Jan Zahradník: Yes, network throughput. It might allow it, but there’s also the question of cost, especially when using cloud services. Most of the data we process physically in Prague, because we need to connect our electronics. Connecting these things to the cloud is not simple, and besides, we are limited in Prague by the possibilities of connecting to the cloud.

Ivana Karhanová: The amount of data when simulating further drives would be huge, right?

Jan Zahradník: Yes, the fees for transferring data from the cloud are high. We are discussing with providers about various models because we are not the only customer with similar needs.

Ivana Karhanová: And do they have a solution for you?

Jan Zahradník: They do, and it’s a very current topic.

Ivana Karhanová: Let’s take an example where I work as a big data manager in the banking sector with tens of millions of records a day, and they are small records. In contrast, you work with a huge amount of more comprehensive data. How is the data architecture built for such a solution?

Jan Zahradník: I joined the company in 2013. At that time, we were already developing various platforms for product validation. We consolidated multiple independently developed solutions into a unified system. This integration involved forming a team that included external IT experts, as our primary expertise at Valeo was focused on algorithms and embedded software. For designing our architecture, we chose to collaborate with Adastra.

Ivana Karhanová: Are you considering future scalability and the growth of data volumes?

Jan Zahradník: Yes, scalability was a key requirement. We needed the ability to scale both to additional or faster on-premise infrastructure as well as to leverage public cloud services. We aim to integrate these services into our platform, while maintaining all data recorded in our system, ensuring we have instances of that data in specific clouds.

Ivana Karhanová: So, essentially, you’re addressing storage and computational power separately?

Jan Zahradník: Correct. The primary services we utilize are data storage and computing clusters. Depending on the situation, we might need just processors or graphic cards. Whether it’s data storage or computing nodes, we can utilize them either on-premises or at various Valeo locations where we have existing cloud infrastructure. Our decision is based on where the data is located.

Ivana Karhanová: Beyond cost, what are the main challenges you face in data processing and management?

Jan Zahradník: Data protection and security are significant concerns.
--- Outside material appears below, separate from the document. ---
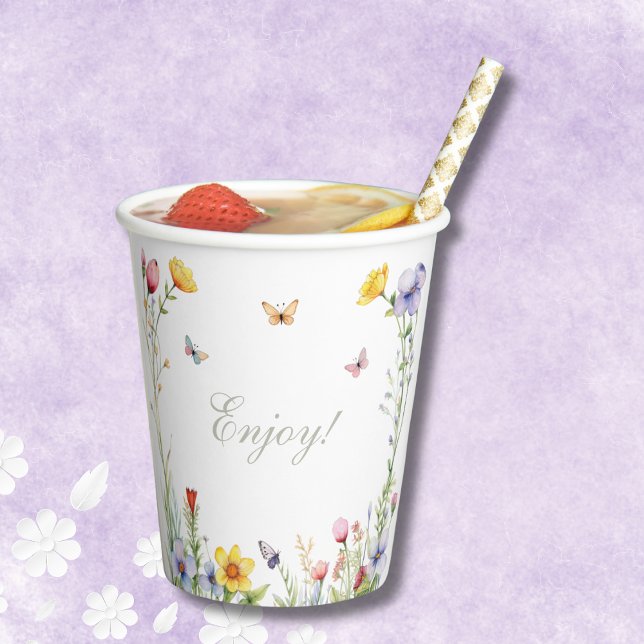 Boho Floral Summer Wildflower Bridal Shower Paper Cups (Creator Uploaded)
We are very cautious about safeguarding our data and preventing breaches. Before using any open-source tool, we meticulously review it and understand the supplier processes to avoid the risk of malicious code. It’s about our internal processes and how swiftly we can adapt new technologies from a security and risk analysis perspective.
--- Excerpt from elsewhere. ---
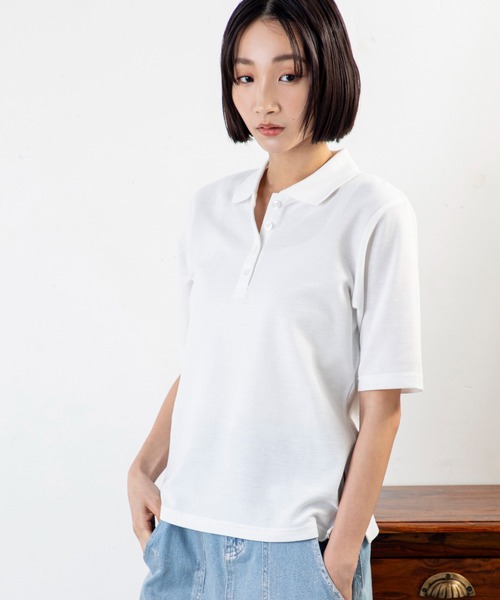 MILLION CARATS(ミリオンカラッツ)の「品よく見えて動きやすい、毎日着たくなる大人のための5分袖ポロトップス(ポロシャツ・レディース・ネイビー/パープル/ピンク/オフホワイト/グレー/ブラック・MEDIUM/LARGE/XL)」の8枚目の写真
Ivana Karhanová: When do you realistically think we can advance to the next level of autonomous vehicles? In five, ten, twenty years?

Jan Zahradník: I can be quite precise here. We had two projects. One, a Mercedes S Class with a combination of sensors from Valeo, enabled level 3 autonomous driving, which is conditional automation. It operates only in certain areas in Germany, up to sixty kilometers per hour, mainly in traffic jams. The previous project was for Honda in Japan, also a similar system operating under specific conditions at speeds up to sixty kilometers per hour.

Ivana Karhanová: Thank you for the discussion.

Jan Zahradník: Thank you for the invitation.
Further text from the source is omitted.